Winner, 2020 Outstanding Book Award, Critical/Cultural Studies Division of the National Communication Association
Recent pieces by NPR, the BBC, and Forbes have called attention to the power of voice—positing that “your voice is the secret to getting hired” and that “voice can accelerate or hold back a career.” While it has become clearer that such things as pitch and intonation can be tied to assumptions about one’s gender, race/ethnicity, and class, studying voice as a socially constructed artifact carries with it unique challenges. In response, Culturally Speaking: The Rhetoric of Voice and Identity in a Mediated Culture presents an innovative approach to studying the spoken voice in media, showing how racial and gendered oppression bubble beneath the surface of American culture’s most recognized speaking voices, spreading invisible messages about which kinds of vocal identities are privileged and which kinds should be silenced.

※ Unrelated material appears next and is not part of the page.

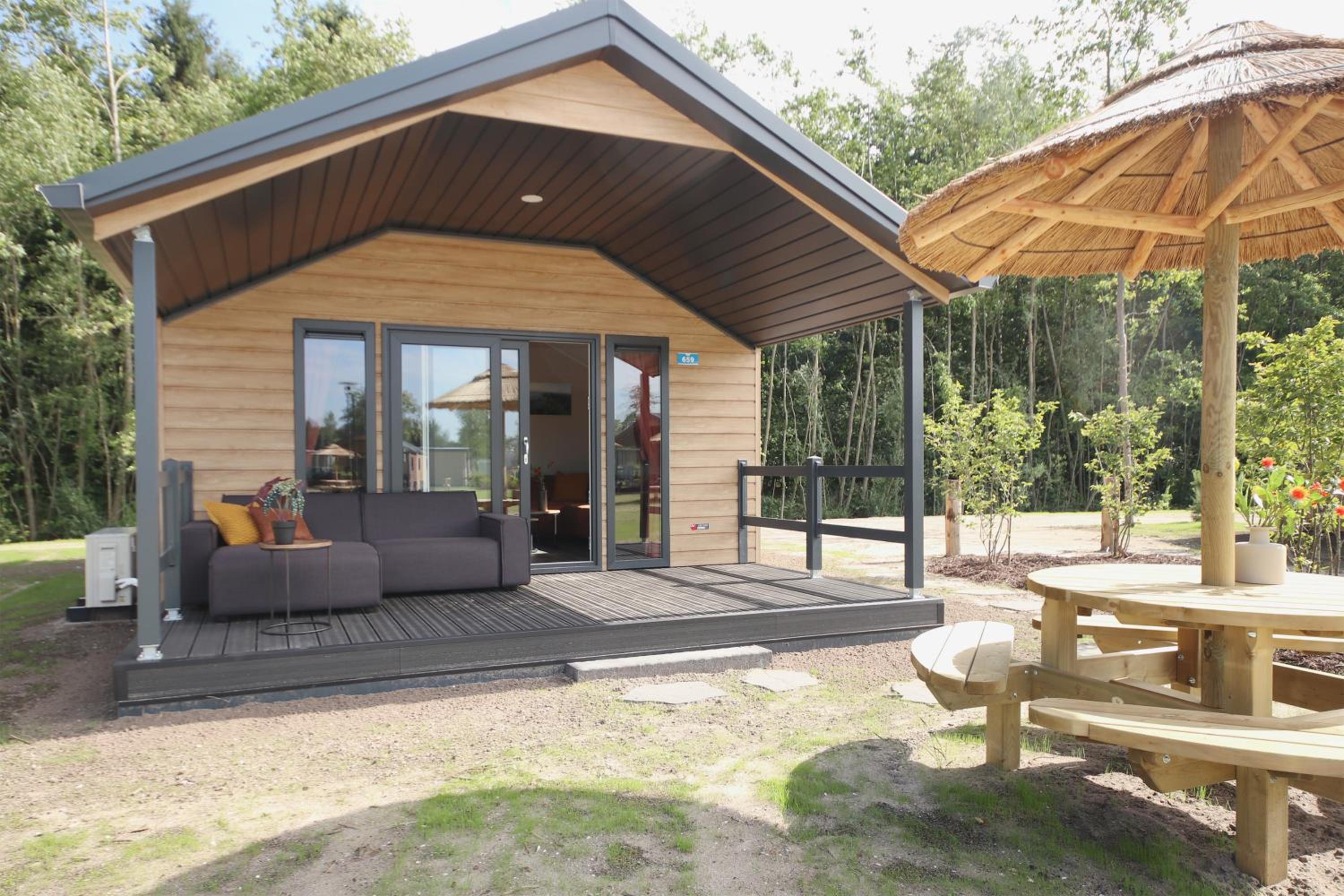 Three-Bedroom Chalet photo 2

Through her analysis of prominent voices in American culture—including Morgan Freeman, Tina Fey, Barack Obama, Adele, Dave Chappelle, Richard Pryor, and George Lopez—Amanda Nell Edgar argues that voices carry a residue of the particular cultural environments in which they are formed, and that these environments can be traced and analyzed to add a sonic dimension to our understanding of race and gender as rhetorically situated identities—pushing back against the often-unnoticed systems of sound-based discrimination.